Chicken breasts with tarragon and crème fraîche sauce

Chicken breasts with tarragon and crème fraîche sauce

Leiths How to Cook
Peter Cassidy


Quantity Ingredient
4 chicken supremes, (breast with wing bone attached)
15g unsalted butter
250ml Chicken and veal stock
1/2 lemon
tarragon sprigs
4 tablespoons creme fraiche
freshly ground black pepper


  1. Season the chicken lightly with salt and pepper. Melt the butter in a frying pan that has a tight-fitting lid, then place the chicken supremes skin side down in the pan and brown over a low to medium heat.
  2. Once the fat is rendered and the skin browned, pour off the fat, turn the chicken skin side up and pour in the stock.
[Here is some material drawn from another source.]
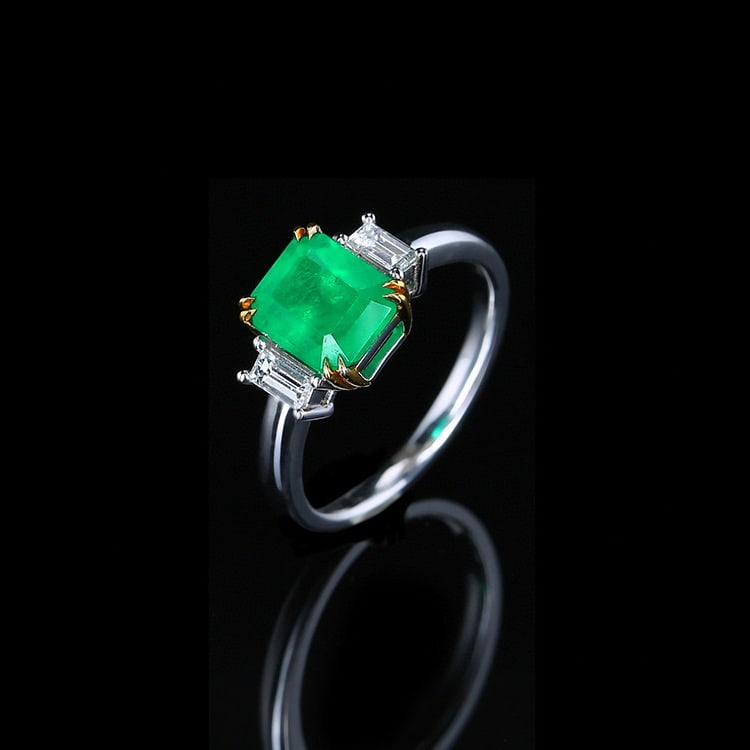 14k Gold 2.45 Ctw Natural Emerald & Diamond Ring - 6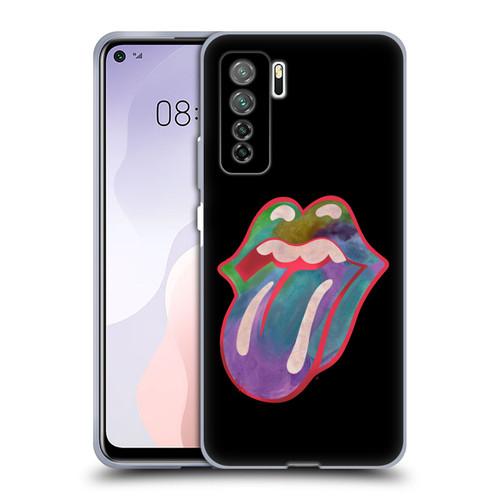 The Rolling Stones Graphics Watercolour Tongue Soft Gel Case for Huawei Nova 7 SE/P40 Lite 5G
Cover and cook over a low heat until the chicken is cooked through; this will take about 10 minutes depending on how well browned the breasts were in the first place.
  3. Meanwhile, heat the oven to 120ºC. Juice the ½ lemon. Roughly chop enough tarragon leaves to give you ½ tablespoon.
  4. Check the chicken is cooked by removing the pieces to a white plate and cutting down to the bone on the non-skin side; the juices should run clear. Transfer to the low oven to keep warm.
  5. Strain the sauce and return it to the wiped out pan. Taste, then reduce the sauce to concentrate the flavour if it seems weak. Add the crème fraîche and simmer to a light coating consistency (it should just cover the back of a wooden spoon). Add a generous pinch of the tarragon and season to taste with lemon juice, salt and pepper.
  6. Carve the chicken breasts into 2 or 3 slices, place on serving plates and pour the tarragon sauce over and around the chicken. Garnish with a few tarragon leaves.
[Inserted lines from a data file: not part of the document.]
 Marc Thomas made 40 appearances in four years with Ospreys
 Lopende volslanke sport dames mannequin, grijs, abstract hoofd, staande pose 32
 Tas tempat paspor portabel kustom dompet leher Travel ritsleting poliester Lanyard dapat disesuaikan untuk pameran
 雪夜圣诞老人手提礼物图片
  • The stock can be infused with tarragon to add flavour. Bring it to a simmer, remove from the heat, add a sprig of tarragon and leave the stock to infuse as it cools. Don’t be tempted to substitute half-fat crème fraîche in the sauce – it will curdle as the sauce reduces.


  • Chicken breasts with thyme and mustard sauce: Substitute the tarragon with 1 teaspoon thyme and add ½–1 teaspoon wholegrain mustard with the thyme. Omit the lemon juice.

    Chicken breasts with vermouth and leek sauce: Once the chicken has been transferred to the low oven in step 4, stir-fry 1 finely chopped leek in 1 tablespoon melted butter in the wiped out pan, until soft. Add 75 ml dry vermouth and cook until nearly evaporated, then proceed as for the main recipe, replacing the tarragon with 1 teaspoon chopped thyme and omitting the lemon juice.

    Chicken breasts with Madeira sauce: Omit the crème fraîche and tarragon. Pour off the excess fat from the pan after browning the chicken breasts. Deglaze the pan with 100 ml Madeira, reduce by two-thirds to about 2 tablespoons, then add 250 ml brown chicken and veal stock. Once the chicken is cooked, reduce the sauce until lightly syrupy. Taste and add a little double cream or lemon juice depending on taste.

    Chicken breasts with Poire William sauce: Omit the tarragon and lemon juice. Add 75 ml Poire William (pear liqueur) to the browned chicken in step 2 after pouring off the fat and allow to bubble before adding the stock. Proceed as for the main recipe and serve with caramelised slices of pear.